Dr. Carruthers grew up during the space race and was intrigued with space science. From a young age, he began building telescopes and model rockets and read avidly in local libraries. His love for space science extended through his youth and eventually led him to pursue degrees in aeronautical, nuclear, and astronomical engineering from the University of Illinois. Following his graduate studies, he accepted a position at the Naval Research Laboratory in Washington, D.C., after receiving a fellowship in rocket astronomy from the National Science Foundation.
Throughout his tenure at the Naval Research Laboratory, Dr. Carruthers has focused his attention on far ultraviolet astronomy. In 1969, he received a patent for his pioneering instrumentation, “Image Converter for Detecting Electromagnetic Radiation Especially in Short Wave Lengths.”
In 1972, Dr. Carruthers’ far ultraviolet camera spectrograph was sent to the moon with the Apollo 16 mission. This device allowed us to take readings of, and understand, objects and elements in space that are unrecognizable to the naked eye and gave us views of stars and the solar systems thousands of miles away. His camera still sits on the surface of the moon. A second version of this camera was sent on the 1974 Skylab space flight to study comets and was used to observe Halley’s Comet, among others.

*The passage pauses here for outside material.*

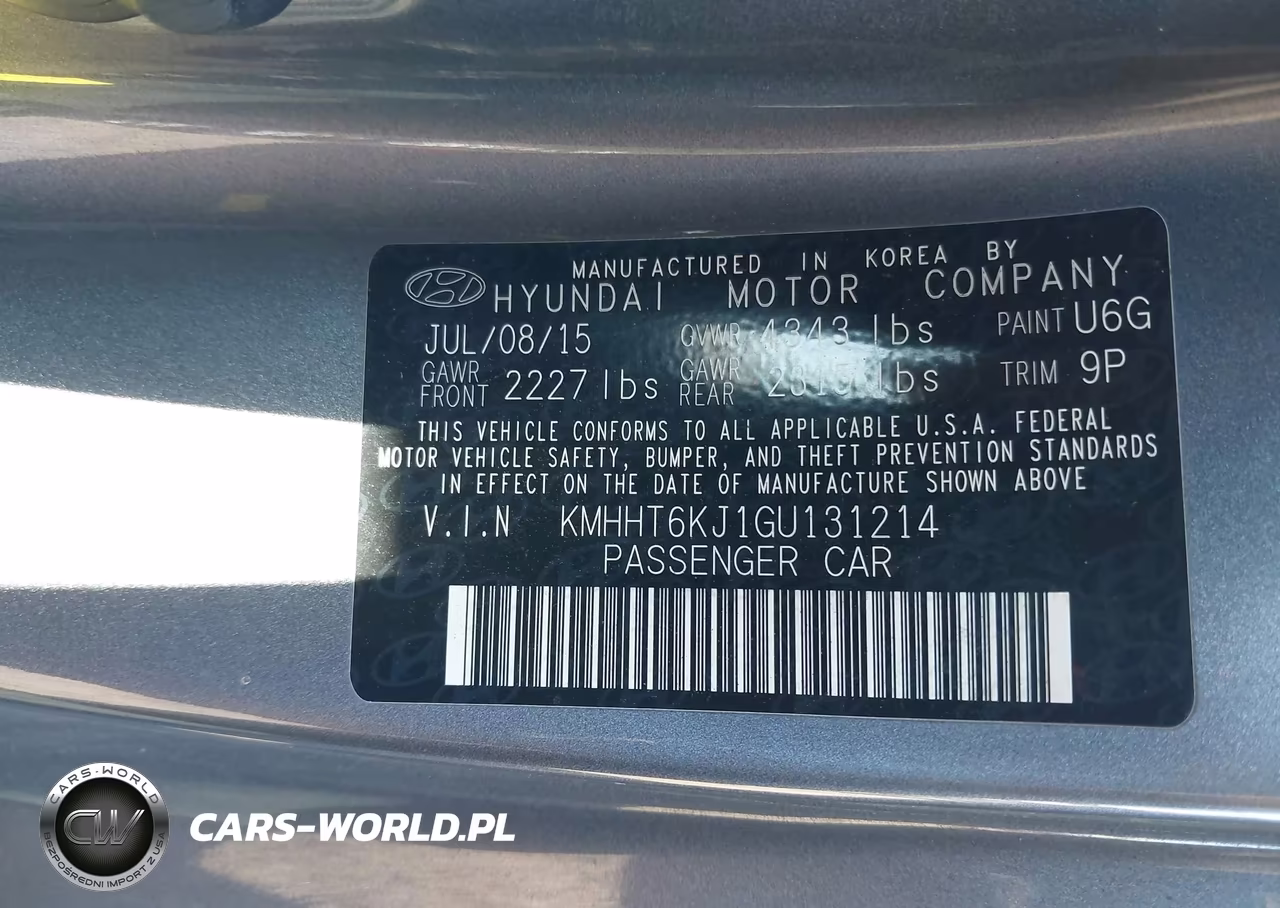 2016 Hyundai Genesis 3.8 Base VIN:KMHHT6KJ1GU131214 - 9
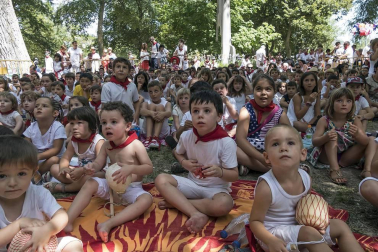 Imágenes de las Fiestas de Estella que comprenden: la verbena de plaza de los Fueros, homenaje a los mayores, bombada, Gorgorito, comidas de Quintos en el paseo de los Llanos, baile de la era y popurri estellés.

Throughout his storied career, Dr. Carruthers has never lost focus of the importance of science and engineering and has used his experience and excitement to drive these disciplines to our youth. He has worked with several local community organizations and promoted apprenticeships, and taught at Howard University.
Photo: George Carruthers, center, and his wife, Debra, shown on left, received his Walston Chubb Award for Innovation from Sigma Xi's president-elect, Tee Guidotii, at the University of Maryland.